Dabei sei das ein Thema vieler junger Frauen und Mädchen heute: Grenzen überschreiten. "Einerseits wollen sie ihren eigenen Weg gehen, andererseits stehen sie unter dem Druck, ihrer Rolle als Mitläuferinnen und Sozialschmiererinnen gerecht zu werden", sagt Heike Rupp (51). Sie ist eine, die es wissen muss. Jeden Tag hört sie sich im "Mädchentreff" an der Bartelsstraße die Wünsche und Probleme von Mädchen und jungen Frauen zwischen acht und 27 Jahren an, die hierher kommen, weil sie anderswo keinen Raum für sich haben. Weil sie die vertrauliche und gemütliche Wohnzimmer-Atmosphäre mit den Sofas und den Regalen voller Bücher und Zeitschriften schätzen. Den Garten hinter dem Haus, in dem sie Sommerfeste feiern. Oder die Küche, in der sie regelmäßig gemeinsam kochen. Rupp kennt die Geschichten aller Mädchen, die im Mädchentreff ein und aus gehen. Sie liegen ihr am Herzen, genauso wie die Emanzipation, "bei der es auch heute noch viele Baustellen gibt", sagt sie. Ende der 70er-Jahre ging sie mit Mitstreiterinnen gegen den Paragrafen 218, der Schwangerschaftsabbrüche unter Strafe stellte, auf die Straße, demonstrierte, studierte Sozial- pädagogik, um Frauen zu helfen, stritt im Jugendhilfeausschuss des Bezirks Mitte für mehr Förderung von Frauenprojekten. Oft allein und nicht immer mit Erfolg. "Anfang der 90er-Jahre war Hamburg noch führend in der Frauen- und Mädchenpolitik. Heute sind wir das einzige Bundesland, das keine Gleichstellungsstelle hat", sagt sie. Sie ist eine Feministin der alten Schule, aber ohne verbittert zu sein. Im Gegenteil. Ihr Kampfeswille scheint ungebrochen, positiv.

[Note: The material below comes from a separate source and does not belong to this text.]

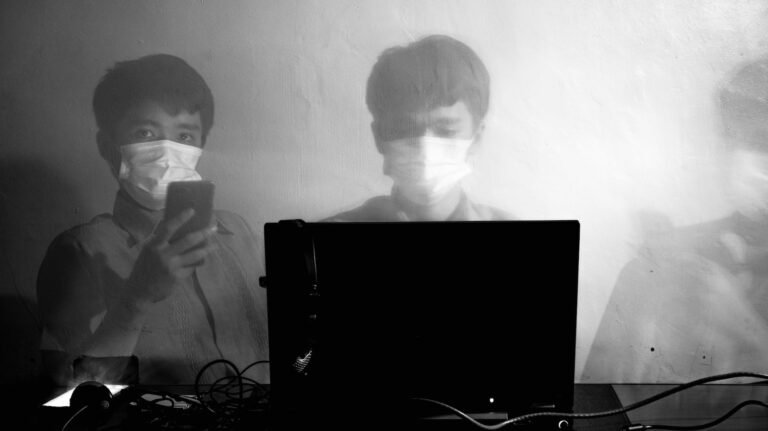 male worker using laptop and phone during coronavirus pandemic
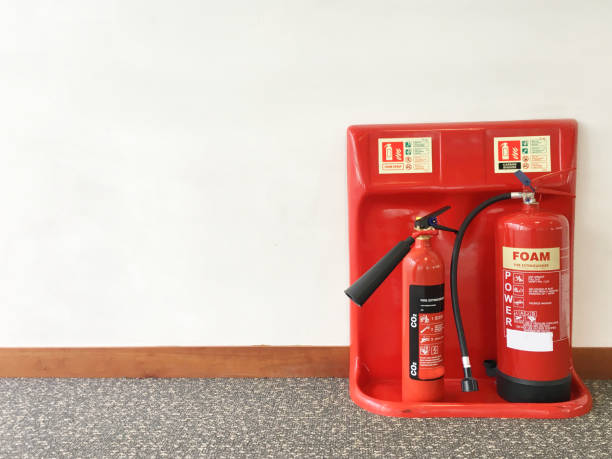 extintor de incendios en la oficina de trabajo contra el fondo neutro - fire extinguisher office safety protection fotografías e imágenes de stock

Denn Rupp hat auch Erfolge. Hier, im Mädchentreff Schanzenviertel. Seit 16 Jahren gibt es den Verein, zunächst mit nur einer vom Bezirk geförderten Stelle. Ihrer. 1998 kam nach langem Hin und Her im Jugendhilfeausschuss des Bezirksamts Mitte eine halbe dazu. Lücken werden mit Honorarkräften geschlossen. Das bedeutet mehr als vollen Einsatz für Rupps Team, das Mädchen berät und begleitet, die wenig oder keine Unterstützung von ihren Eltern oder Lehrern erhalten - aus mangelndem Interesse oder zu wenig Einblick in die heutige Lebenswelt junger Frauen, aufgrund anderer Wertvorstellungen oder schlichtweg Unkenntnis des Bildungssystems. Mädchen, die in der Masse untergehen.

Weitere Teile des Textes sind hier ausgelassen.